Compute symmetric matrix of a large file size using awk

64 Views Asked by At

I have an OD matrix (origin-destination matrix) written in list form, like this inputfile.csv:

"origin_id","destination_id","trips"
"0","0","20"
"0","1","12"
"0","2","8"
"1","0","23"
"1","1","50"
"1","2","6"
"2","1","9"
"2","2","33"

Which reads as:

  • There was 20 trips from origin_id=0 to destination_id=0,
  • There was 12 trips from origin_id=0 to destination_id=1,
  • And so on.

Please note that all the origin-destination pairs that have 0 trips, are not present in the input file (the elements of the matrix with zeros).

I need to compute the symmetric matrix as S=(OD+DO)/2, but the main problem is that the inputfile.csv is 31GB in size. I thought that a tool like awk could be a good solution, but I don't know how to proceed, because I have 32GB of RAM which is very similar to the input file size, and I always get out of memory.

The desired output should contain ideally only the diagonal and sub-diagonal elements, to avoid repeating values as the matrix is symmetrical.

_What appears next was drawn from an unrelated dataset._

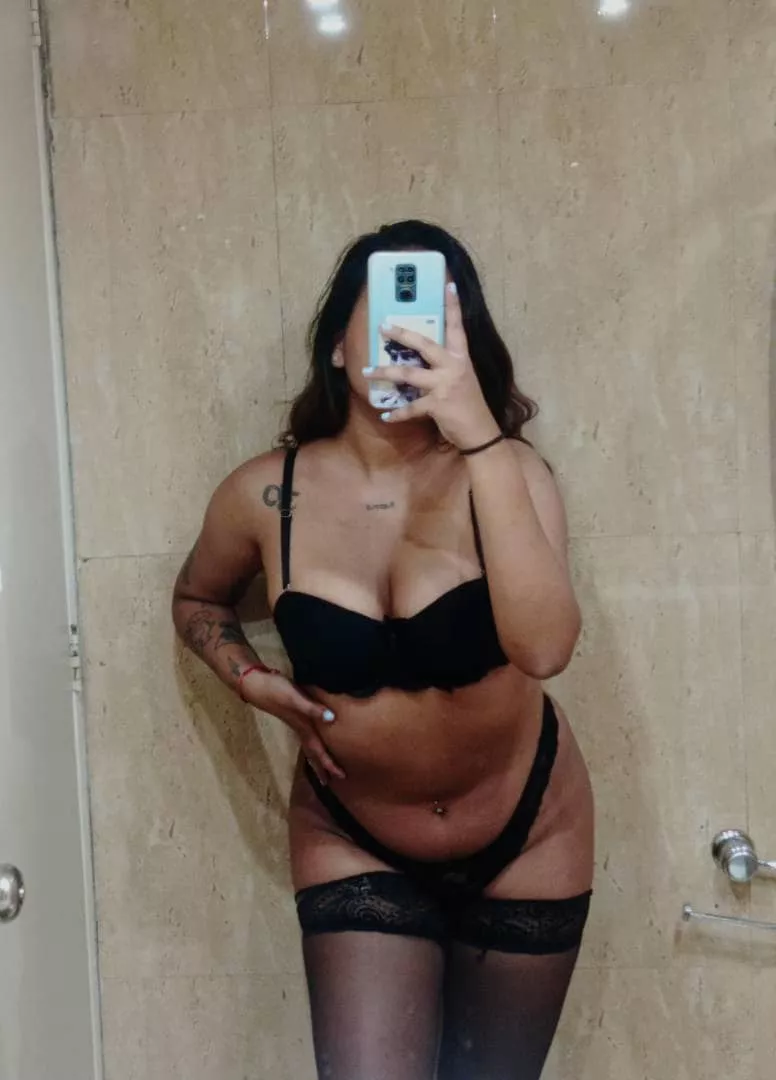 [selling] available for ✨Sext✨Cam✨Custom✨Fetish✨GFE ✨ add me on Kik: coquitocute20 // Snap: coquitocute20 ✨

The desired final output of the provided input file is:

"origin_id","destination_id","trips"
"0","0","20"  
"0","1","17.5"
"0","2","4"
"1","1","50"
"1","2","7.5"
"2","2","33"

As complementary notes, I would like to add here that I can compute the symmetrical matrix with smaller input files using this script (symm.awk):

BEGIN {
    FS = OFS = ","
}

NR==1 { 
print; next 
}

{
    gsub("\"", "", $3)
    a[$1 FS $2] = $3
    b[$2 FS $1] = $3
}

END {
    for (i in a) {
        if (i in b) {
            print i, "\"" (a[i] + b[i]) / 2 "\""
        } 
        else {
            print i, "\"" (a[i]) / 2 "\""
        }
    }
}

and then get the diagonal and subdiagonal elements piping the result again to awk, like this:

awk -f symm.awk inputfile.csv |awk -F"\"" 'NR==1{print;next}$2<=$4{print $0}' > output.csv

But the ouptut it's not sorted, and also it's very ugly to obtain a result using an awk script and then piping the result again to awk.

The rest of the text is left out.